A good share of what we know about how this happened in Germany
usually comes to us many years later from post-facto books, looking
backward to the horror. There are very few examples of accounts
written from the inside at the very time the events were unfolding.

One such book is "Defying Hitler," by the noted German
journalist/author Sebastian Haffner. The manuscript was found,
stuffed away in a drawer, by Haffner's son in 1999 after his father's
death at age 91. Published in 2000, the book became an immediate best
seller in Germany and was published last year in English, translated
by the son, Oliver Pretzel. (His father's original name was Raimund
Pretzel; as Sebastian Haffner, he went on to a highly successful
career, writing in England during the war and then later back in
Germany. He authored "From Bismarck to Hitler" and "The Meaning of
Hitler," among many other works.)

"Defying Hitler" is a brilliantly written social document, begun (and
ended abruptly) in 1939; even though it fills in the reader on German
history from the First World War on, its major focus is on the year
1933, when, as Hitler assumed power, Haffner was a 25-year-old law
student, in-training to join the German courts as a junior
administrator.

You find yourself reading this book in amazement; there is so much
historical perspective, so much sweep of what was going on and
predictions of what later was to happen, so many insights into what
led so many ordinary Germans to join with or acquiesce to the Nazi
program - how could anyone so young be so prescient in the midst of
the brutal sordidness that was Nazism? (Indeed, some critics claimed
that Haffner must have rewritten the book decades later; every page
of the original manuscript was sent to laboratories, which
authenticated that it indeed had been composed in 1939.)

The Individual in Society

What distinguishes "Defying Hitler," in addition to its superb
writing, is that Haffner focuses on "little people" like himself,
rather than on the machinations of leaders. He wants to explore how
ordinary Germans, especially non-Nazi and anti-Nazi Germans,
permitted themselves to be swallowed whole into the Hitlerian maw.
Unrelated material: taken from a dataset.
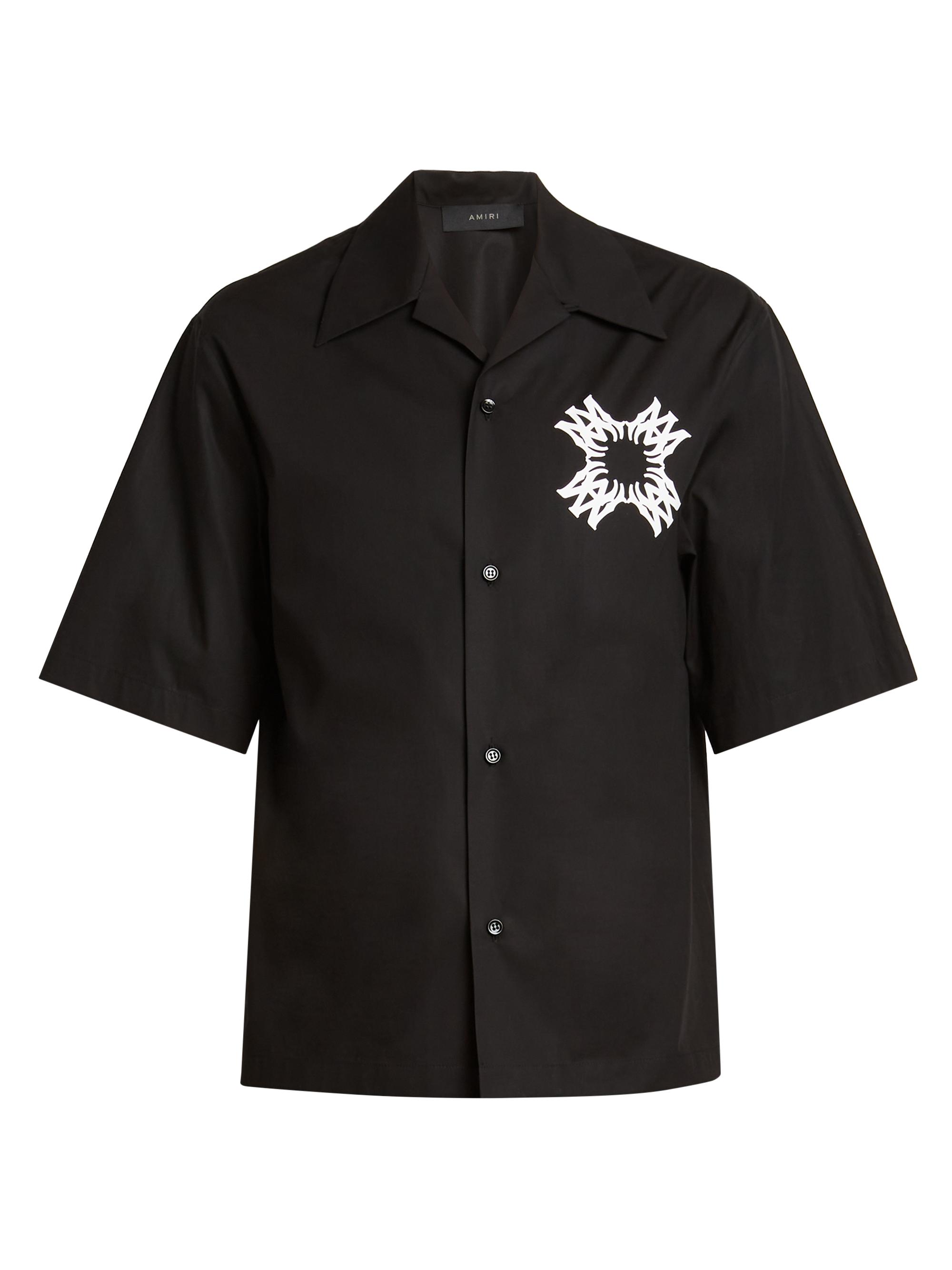 Amiri Arts District Camp Faux Leather Short-Sleeve Shirt | Saks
Haffner makes occasional broad pronouncements about German character
traits ("As Bismarck once remarked in a famous speech, moral courage
is, in any case, a rare virtue in Germany, but it deserts a German
completely the moment he puts on a uniform"), but he devotes a good
deal of his attention to the question of personal responsibility. If
you read ordinary history books, he says, "you get the impression
that no more than a few dozen people are involved, who happen to
be 'at the helm of the ship of state' and whose deeds and decisions
form what is called history.

"According to this view, the history of the present decade [the
1930s] is a kind of chess game among Hitler, Mussolini, Chiang Kai-
Shek, Roosevelt, Chamberlain, Daladier, and a number of other men
whose names are on everybody's lips. We anonymous others seem at best
to be the objects of history, pawns in the chess game, who may be
pushed forward or left standing, sacrificed or captured, but whose
lives, for what they are worth, take place in a totally different
world, unrelated to what is happening on the chessboard.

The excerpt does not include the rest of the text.